## Task statement
Below are some records. Copy every line in them that holds "with".

Scraped caption text data:
'''

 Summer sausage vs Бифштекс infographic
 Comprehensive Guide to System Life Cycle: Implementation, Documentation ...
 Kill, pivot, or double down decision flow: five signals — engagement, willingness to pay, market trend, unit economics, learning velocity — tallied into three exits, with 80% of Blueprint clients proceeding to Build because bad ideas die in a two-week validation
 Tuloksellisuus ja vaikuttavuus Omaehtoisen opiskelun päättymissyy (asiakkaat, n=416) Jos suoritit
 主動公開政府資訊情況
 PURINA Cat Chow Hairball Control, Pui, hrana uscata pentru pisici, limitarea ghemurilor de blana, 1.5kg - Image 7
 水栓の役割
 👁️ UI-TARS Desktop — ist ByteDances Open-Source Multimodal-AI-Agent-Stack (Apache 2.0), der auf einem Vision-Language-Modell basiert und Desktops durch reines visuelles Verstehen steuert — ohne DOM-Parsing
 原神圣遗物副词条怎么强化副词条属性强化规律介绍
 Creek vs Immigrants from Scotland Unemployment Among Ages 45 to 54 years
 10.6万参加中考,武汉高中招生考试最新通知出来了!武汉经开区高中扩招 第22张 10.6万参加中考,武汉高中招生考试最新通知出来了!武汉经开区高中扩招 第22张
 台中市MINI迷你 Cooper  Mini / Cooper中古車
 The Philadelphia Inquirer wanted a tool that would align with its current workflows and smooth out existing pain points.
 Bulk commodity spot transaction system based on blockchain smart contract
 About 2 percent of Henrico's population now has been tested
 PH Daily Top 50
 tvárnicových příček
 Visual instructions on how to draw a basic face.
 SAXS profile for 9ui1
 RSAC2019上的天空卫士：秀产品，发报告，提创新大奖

'''

## Solution to the problem
 Kill, pivot, or double down decision flow: five signals — engagement, willingness to pay, market trend, unit economics, learning velocity — tallied into three exits, with 80% of Blueprint clients proceeding to Build because bad ideas die in a two-week validation
 The Philadelphia Inquirer wanted a tool that would align with its current workflows and smooth out existing pain points.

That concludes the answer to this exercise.